Hello! We are Ed, Jack, Alice and Megan, and we are the new editors of the Landscape Surgery blog. As a team, we are all very excited to be taking over this role from Nina and (the other) Ed who did such a great job of curating the site last year. For us, ‘Landscape Surgery’ (which is now 22 years old!) has always been a great opportunity to bring together all members of the Social, Cultural and Historical Geography Research Group in our bi-weekly meetings. In the fantastic company of our groups ‘surgeons’, we have timely and critical conversations on a wide variety of subjects, reflecting the huge array of academic interests displayed by the research group as a whole.

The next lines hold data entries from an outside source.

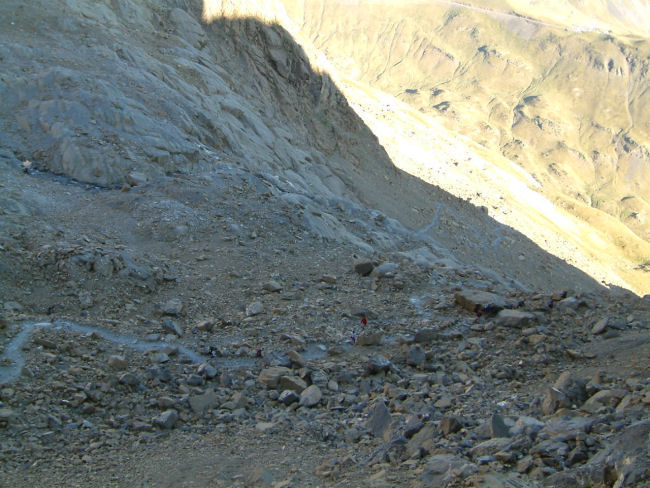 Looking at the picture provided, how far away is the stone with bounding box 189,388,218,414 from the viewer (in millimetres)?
6523

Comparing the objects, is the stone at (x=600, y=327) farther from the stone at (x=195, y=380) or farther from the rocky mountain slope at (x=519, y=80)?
the rocky mountain slope at (x=519, y=80)

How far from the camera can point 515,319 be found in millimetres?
8617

As an editing team, we are eager to continue to dissect ‘Landscape Surgery’ discussions within this informative blog, as well as highlighting the exciting things that members of the research group have been getting up to; from academic conferences, new publications, interdisciplinary workshops and public events.

We actively welcome submissions from all ‘surgeons’ who wish to use this blog as a way to start a conversation, showcase an event, discuss general PhD life, give post-doc and career advice, or to talk about some stimulating research you’ve done. So, if you’ve been up to something interesting, why not write a blog about it?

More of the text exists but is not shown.